50 Games in 50 Weeks: The Play’s The Thing

Apr 23 2012

'Shakespeare' by mariateresaadalid on Flickr

'Shakespeare' by mariateresaadalid on Flickr

If you can imagine a Shakespearean role-playing game that’s riotously fun even for those not steeped in Shakespeare, you’d be imagining The Play’s The Thing.

The players take on the roles of small-time Shakespearean actors in a play that changes underneath their feet. That, indeed, is the fun: not only can the director interrupt and tell you to do the rest of the scene in Japanese accents, but all the other players can bid to have their own suggestions implemented, using Story Points that act much like Fate Points in FATE.

Each player has two main things to keep track of: his actor and his character. There are several different archetypes of actors available, from the Ham to the Ingenue. And, of course, each actor is playing one of the characters in the Shakespeare play.

As part of setup, each player chooses an actor archetype, then there’s a round-robin mechanism wherein each player is offered the option to either choose a character, or to add some plot point to that character and pass to another player. So, the GM might offer you the role of Macbeth; you can accept or decide that Macbeth, say, has a secret with three witches, and pass to the next player.

Actual gameplay is split into five acts, each of which is introduced by the GM. This is why the game works for those unfamiliar with Shakespeare: the GM tells you what’s supposed to happen before you start the act. The plot changes drastically anyway, so you don’t need to even have seen or read the original play to play the game.

Oddly, given the subject matter, The Play’s The Thing quickly turns into a beer-and-pretzels game.
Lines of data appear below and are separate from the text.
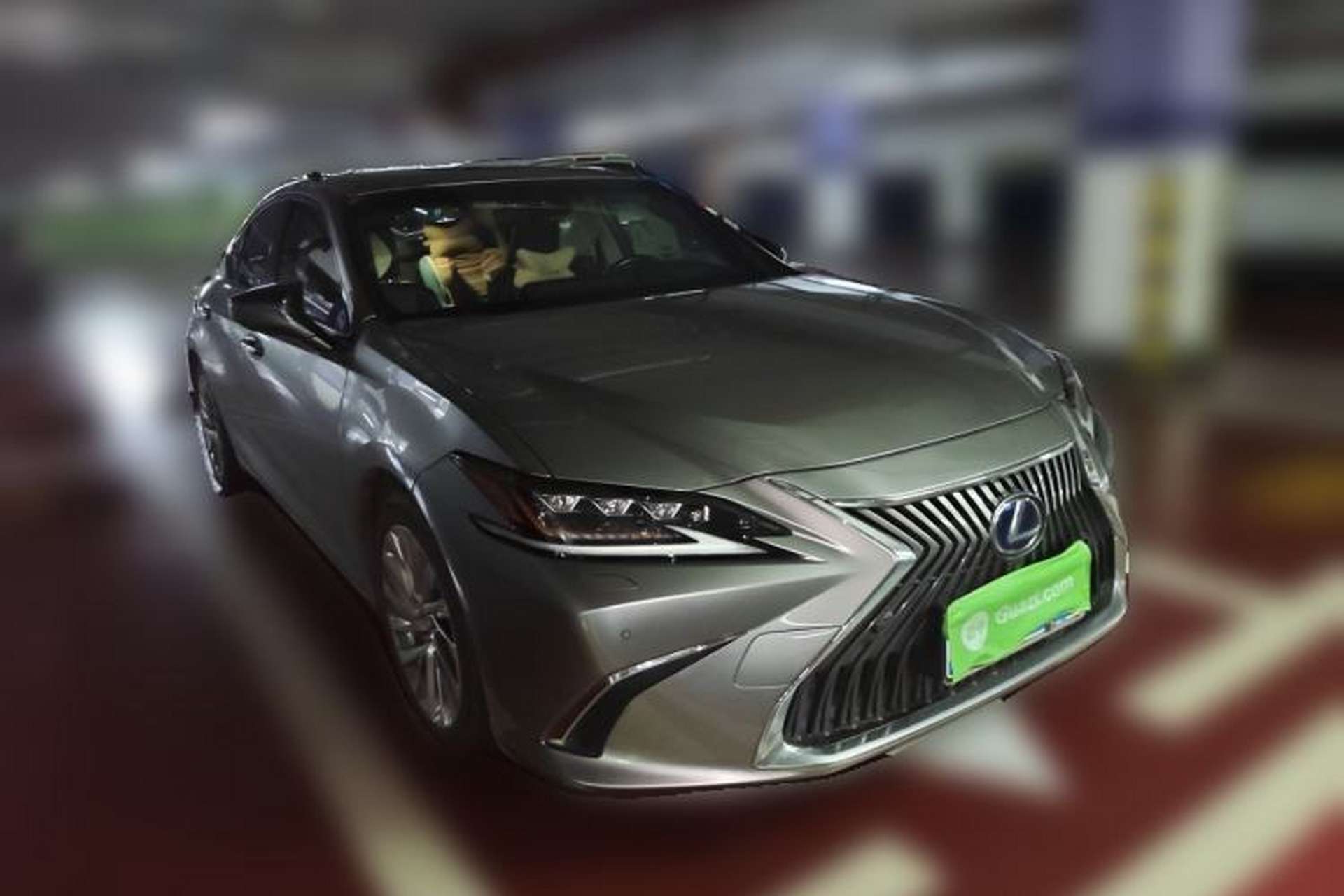 Used Lexus ES 2020 300h Executive Edition Front Right 45 Deg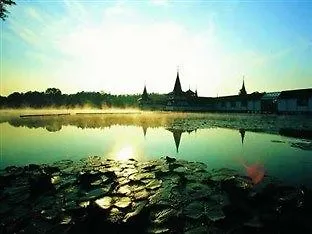 Kalma, Kalma Villa, 호텔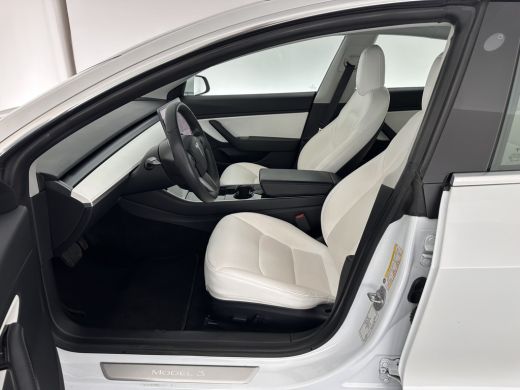 Tesla Model 3 Long Range AWD 75 kWh [ 3-Fase ] (INCL-BTW) Aut. *PANO | AUTO-PILOT | LUXURY-LEATHER | TOWBAR | K... ActivLease financial lease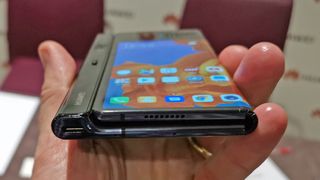 Huawei Mate X review folding phone 5g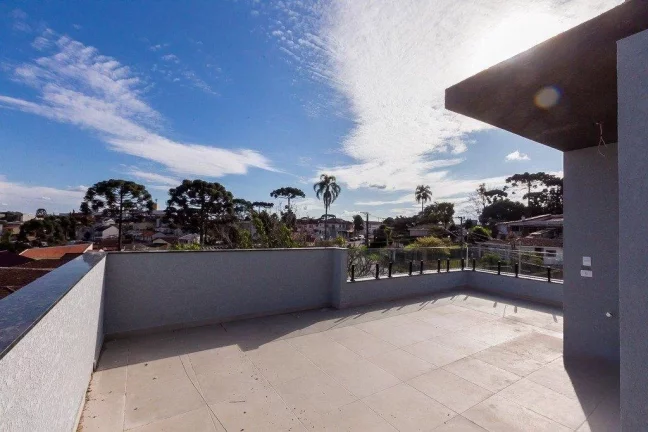 Imagem Sobrado Triplex Abranches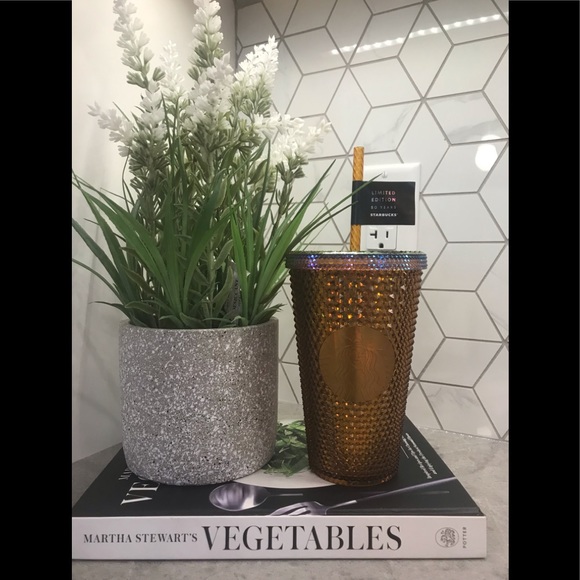 Limited edition Grande Honeycomb Studded Tumbler - Picture 1 of 3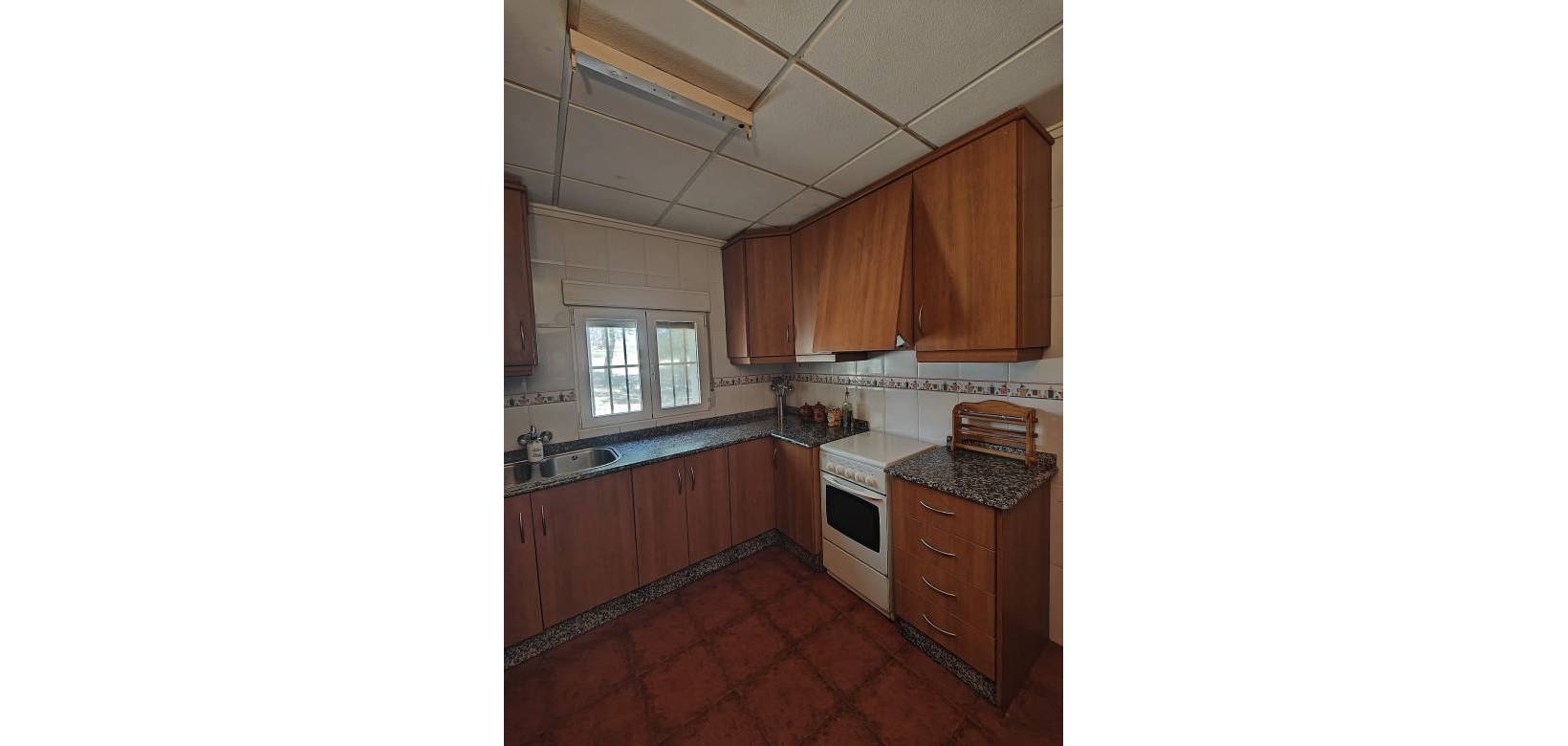 Resale - Country house - Yecla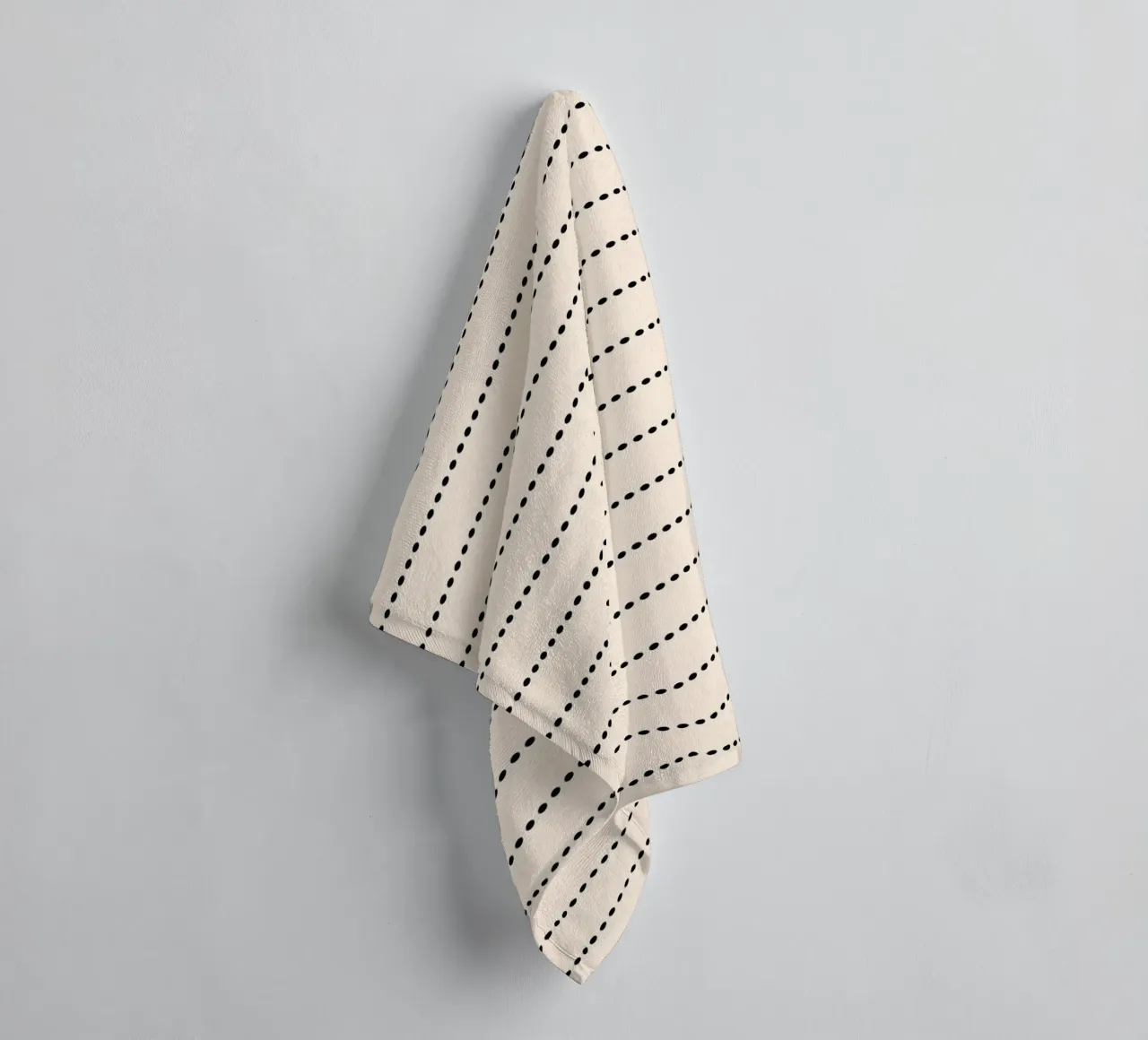 Minimal Scandi Basic Strisce a pois | Nero su beige asciugamano da bagno da Beauty in Simplicity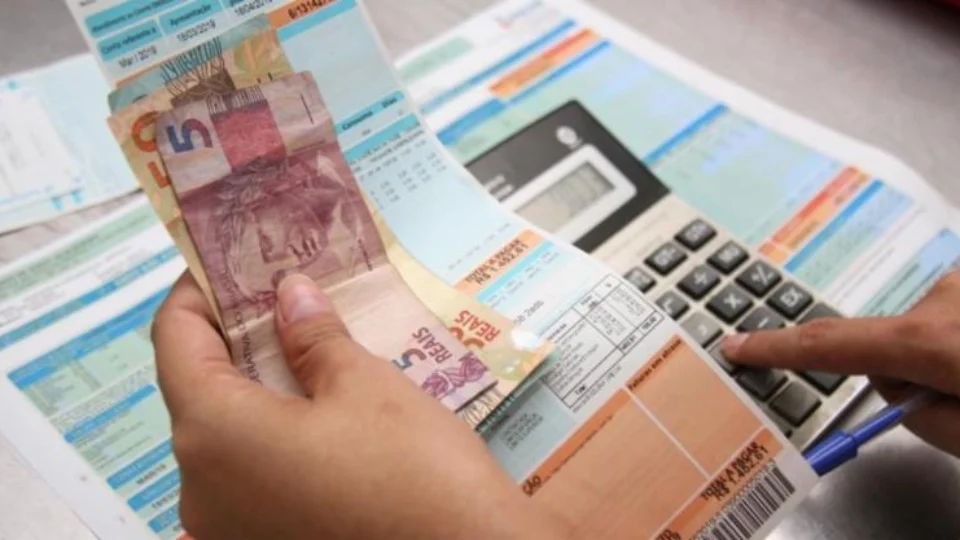 Atenção brasileiros: conta de luz ficará mais cara a partir desta sexta-feira (1); entenda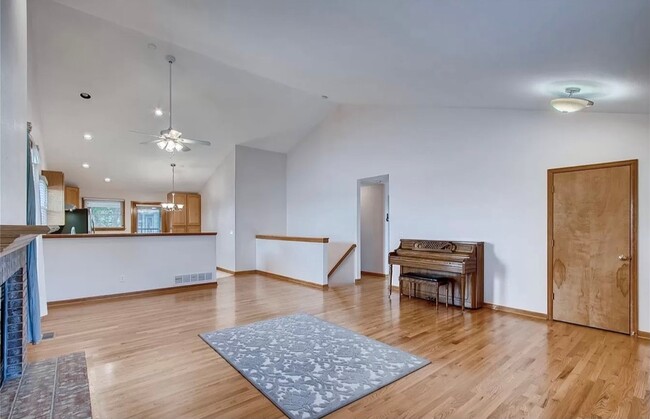 Building Photo - 2534 E 125th Way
Players stumble through scenes as others suggest changes serious and silly. You don’t even have to improv, but you are working to incorporate some really fun material.

Moreover, there’s a built-in incentive to keep the story on track: you have to play your own character, too, and the sillier the plot, the harder that is.

I had a blast with The Play’s The Thing. The players quickly got over their Shakespeare jitters (most of us barely remembered the vaguest outline of the plot) and just dove into our story: Macbeth. We soon had Jewish Witches, the world’s shortest soliloquy (“Och!”), and a plot so focused on Macduff that we renamed the play after him.

The system’s still a little rough around the edges. Players get Story Points to influence the story, but it wasn’t clear when we could or couldn’t use them. However, the problems were minor, and never kept us from enjoying ourselves. It helped that we had a fantastic GM, Tom Cadorette, who knew exactly when to go deeper and when to move on.